Melt chocolate carefully over a bowl of hot water.
Beat egg yolks and sugar in processor (or with a hand mixer) until pale and smooth.
Pour in hot coffee and Tia Maria and re process, while whizzing slowly pour in dissolved gelatine.
Blend in the melted chocolate and allow mixture to cool for 20- 30 mins.
Whisk egg whites until quite stiff then fold into the chocolate mixture.
Pour on top of biscuit base and leave to cool and set.
Decorate with chocolate covered popping candy made following this method from Heston Blumenthal. I made it without the spices, which I didn't think would compliment the coffee flavour.

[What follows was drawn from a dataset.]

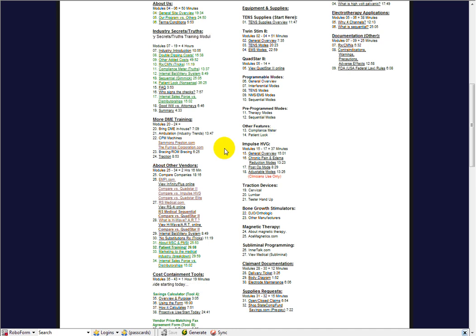Welcome to the More DME Training CPM Machines. Now, CPM machines can be pretty complicated, but I do think it's important for nurse case managers and adjusters to become familiar with what CPM machines are and how they work.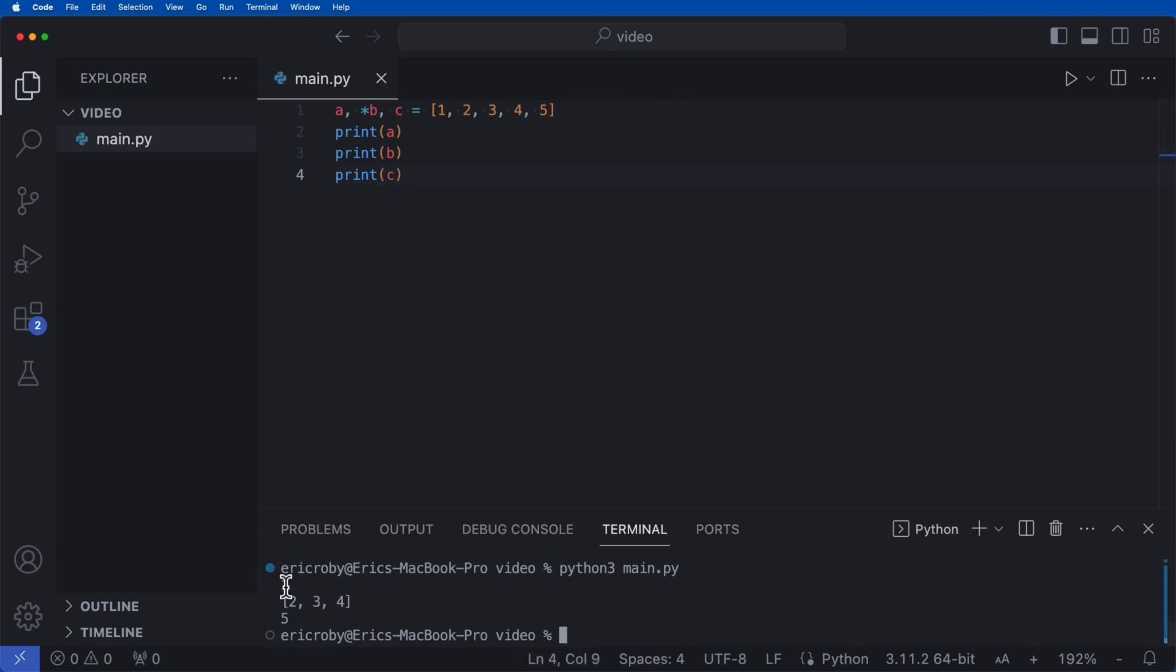we can see that a is 1, c is 5, and all of the elements in between is b.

I'll skip over the Clementine, Saffron and Polenta Cake, except to say that I was following this recipe from Waitrose. I think my mistake was to try to make it nut free. I used SR flour instead of ground almonds. I did look at various recipes online, and found several of this sort which used flour, so I didn't expect it to turn out so badly. It was just about edible - most people tried a sliver out of politeness and my mother took home half of what was leftover to eat warm with custard!
The mincepies were made with my standard sweet shortcrust pastry recipe, with the addition of the finely grated zest of an orange. Here's the pastry recipe, but I don't think there's any need to tell you how to make mincepies. This amount of pastry, plus one standard jar of mincemeat makes 24 mincepies, for me, but obviously the size of your mincepie moulds and how thinly you roll the pastry will make a difference.
Sweet Shortcrust Pastry: 500g SR flour; 250g butter, or a mixture of butter and lard; 75g icing sugar; zest of one medium orange; 1 large egg; cold water to mix. Rub the fat into the flour, sift in the icing sugar and mix in the orange zest. Add the egg and enough cold water to make a soft but not sticky dough. Knead briefly, wrap in clingfilm and refrigerate for 20 minutes before use. The use of SR flour and some lard makes the pastry soft and crumbly.